Without the images, print all the entries below exactly as given.

* * * * * * * * *

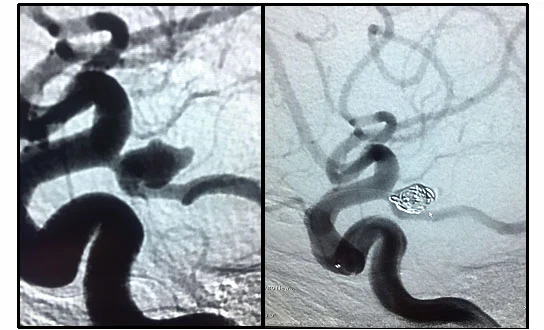 Embolizzazione aneurisma cerebrale con spirali in platino tramite intervento endovascolare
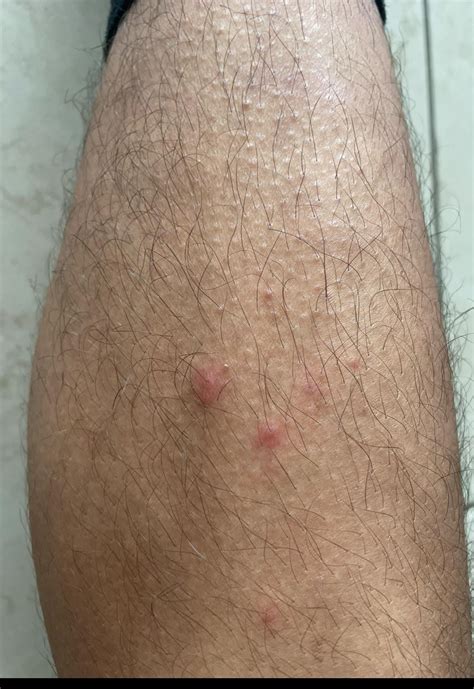 Unknown Red Bumps On Legs : r/DermatologyQuestions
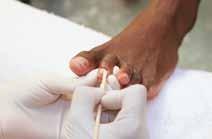 12 caution 12 Carefully remove the cuticle tissue from the nail plate using a wooden or metal pusher, staying away from the eponychium and taking care not to break the seal between the nail plate and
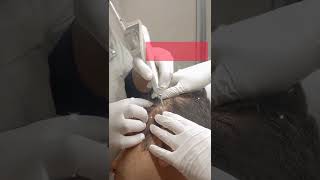 Seborrheic keratosis treatment  Laser Treat [upl. by Bidle705]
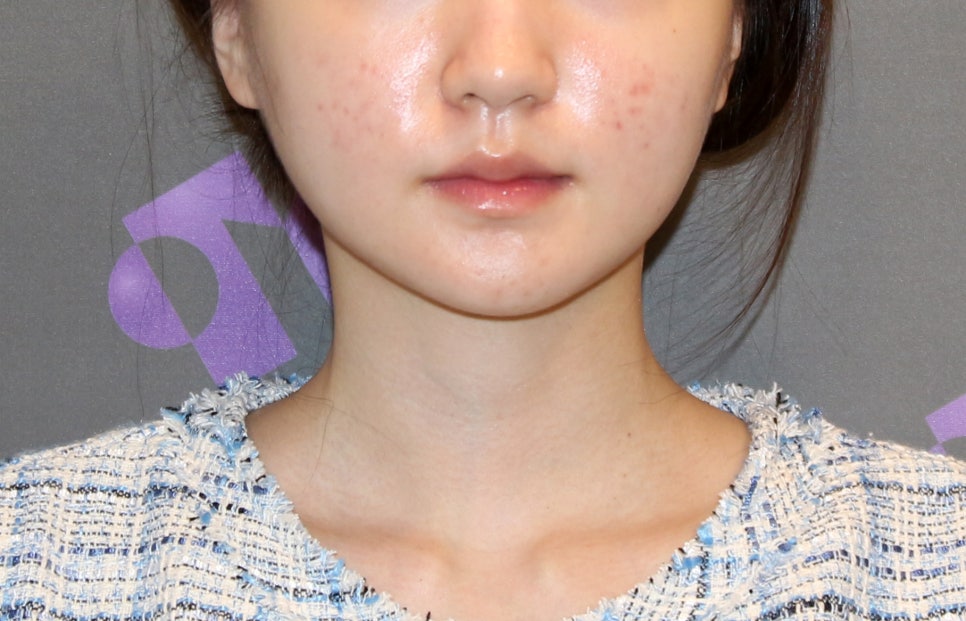 턱끝수술부작용, 이중턱이 생기는 이유는? - 전문의가 알려드립니다. 관련 이미지 7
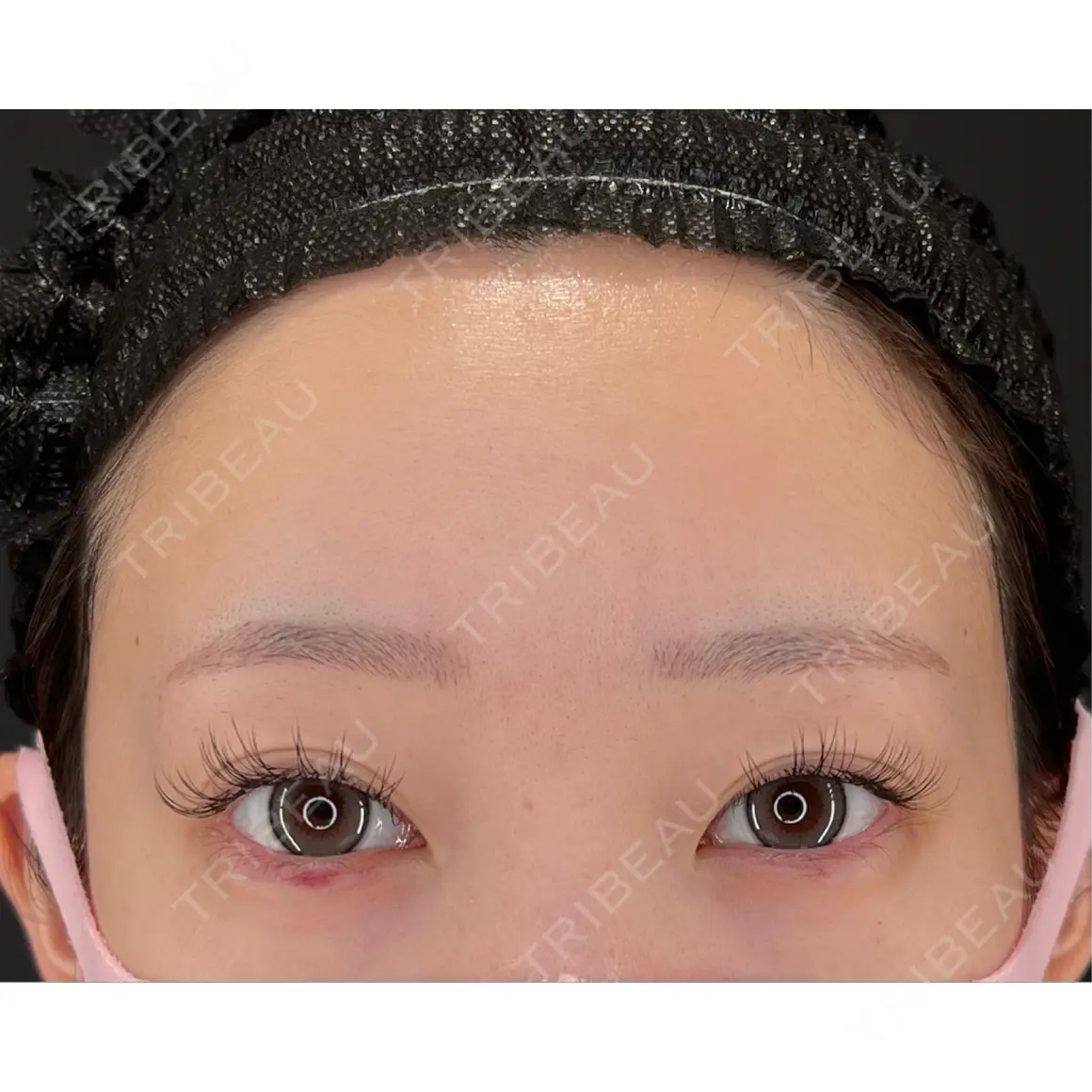 脂肪注入（額） HAAB×DREAM BEAUTY CLINIC 大阪梅田院 AFTER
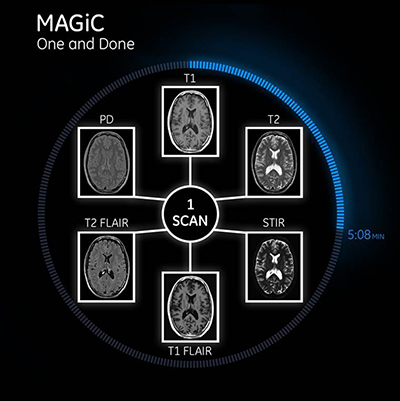 MRI診断を変える新たなイノベーションMAGiC 特設サイト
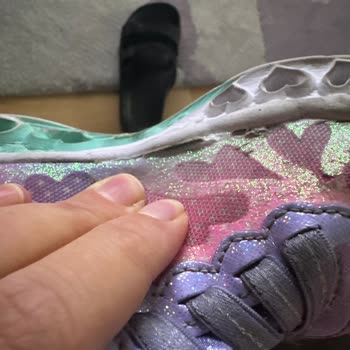 Skechers Ayakkabı Açılma Ve Soyulma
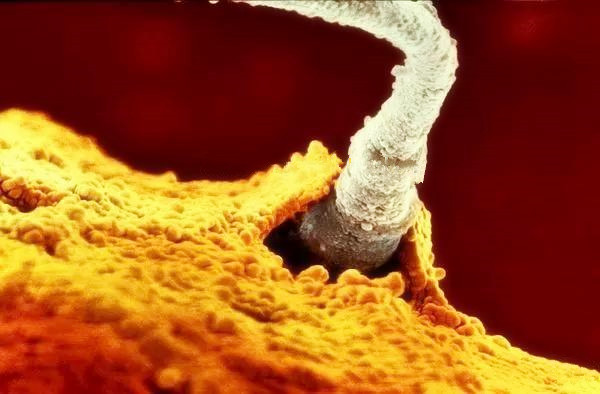 早期怀孕10天的表现,女人刚怀孕怎么发现的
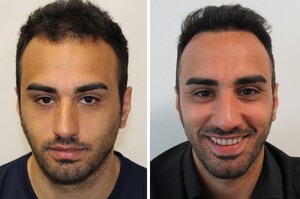 Image of HairPalace hair transplant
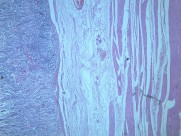 慢性萎缩性胃炎大全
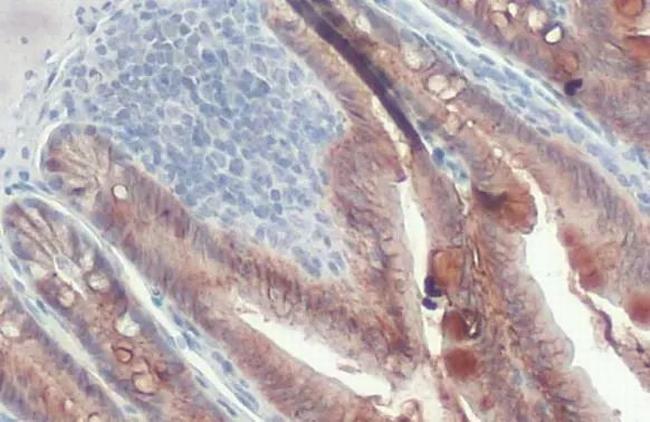 E-cadherin Antibody in Immunohistochemistry (Paraffin) (IHC (P))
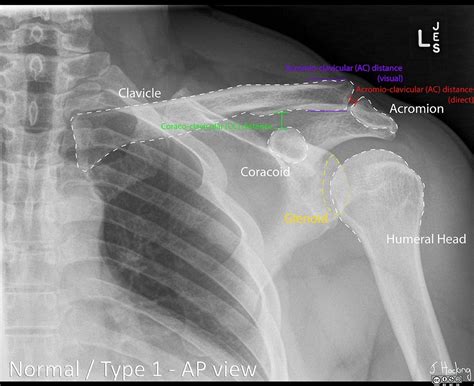 Shoulder Ligament Tears And Clavicle Dislocation Ph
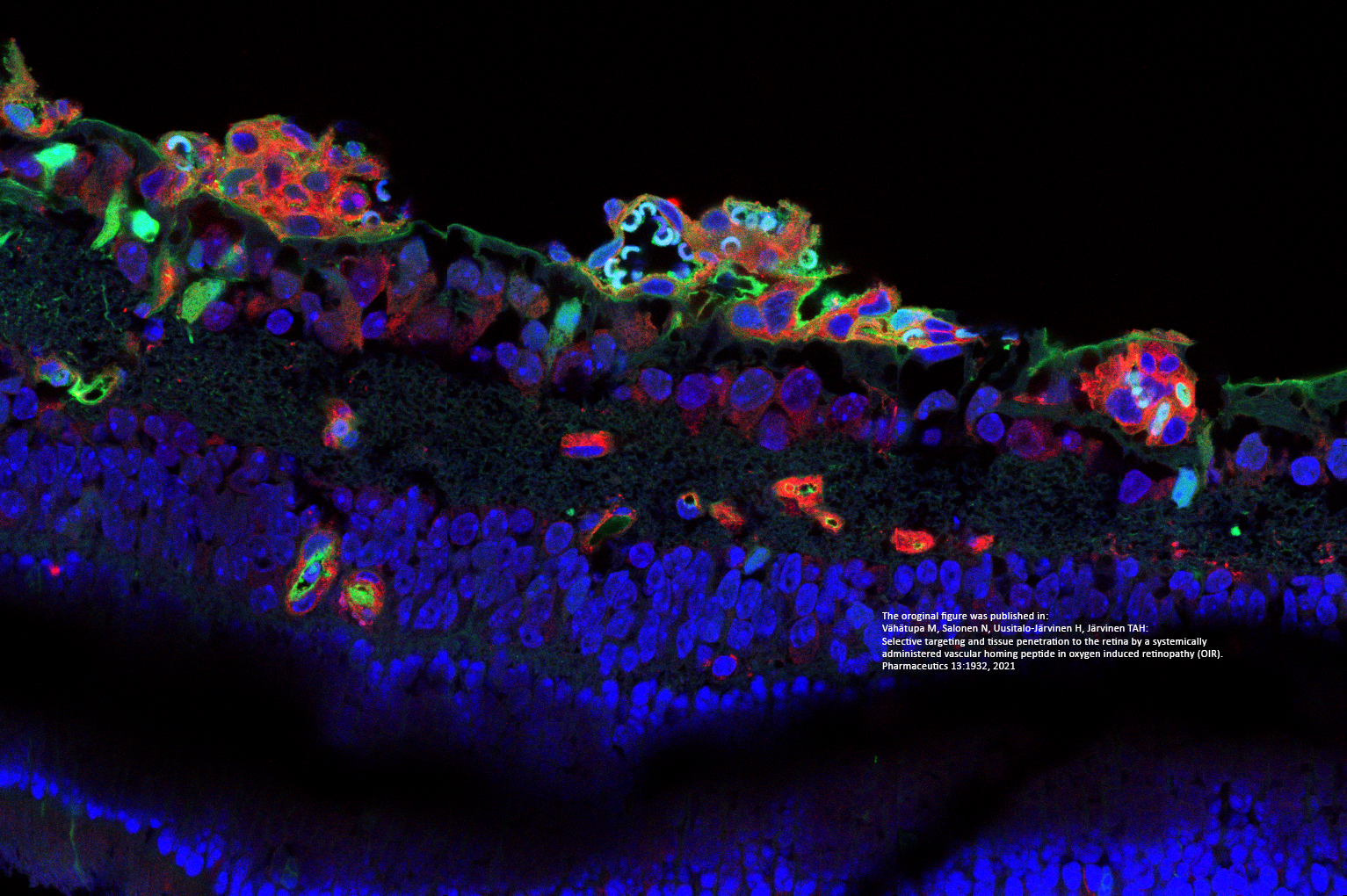 The oroginal figure was published in: Vähätupa M, Salonen N, Uusitalo-Järvinen H, Järvinen TAH: Selective targeting and tissue penetration to the retina by a systemically administered vascular homing peptide in oxygen induced retinopathy (OIR). Pharmaceutics 13:1932, 2021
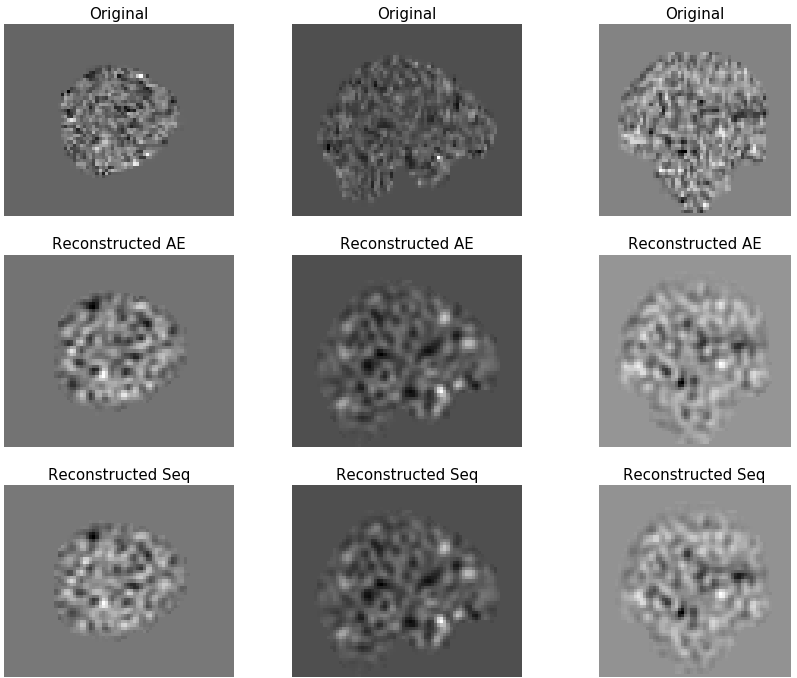 fMRI autism project visualization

* * * * * * * * *

• _Solution to this problem_
 Embolizzazione aneurisma cerebrale con spirali in platino tramite intervento endovascolare
 Unknown Red Bumps On Legs : r/DermatologyQuestions
 12 caution 12 Carefully remove the cuticle tissue from the nail plate using a wooden or metal pusher, staying away from the eponychium and taking care not to break the seal between the nail plate and
 Seborrheic keratosis treatment  Laser Treat [upl. by Bidle705]
 턱끝수술부작용, 이중턱이 생기는 이유는? - 전문의가 알려드립니다. 관련 이미지 7
 脂肪注入（額） HAAB×DREAM BEAUTY CLINIC 大阪梅田院 AFTER
 MRI診断を変える新たなイノベーションMAGiC 特設サイト
 Skechers Ayakkabı Açılma Ve Soyulma
 早期怀孕10天的表现,女人刚怀孕怎么发现的
 Image of HairPalace hair transplant
 慢性萎缩性胃炎大全
 E-cadherin Antibody in Immunohistochemistry (Paraffin) (IHC (P))
 Shoulder Ligament Tears And Clavicle Dislocation Ph
 The oroginal figure was published in: Vähätupa M, Salonen N, Uusitalo-Järvinen H, Järvinen TAH: Selective targeting and tissue penetration to the retina by a systemically administered vascular homing peptide in oxygen induced retinopathy (OIR). Pharmaceutics 13:1932, 2021
 fMRI autism project visualization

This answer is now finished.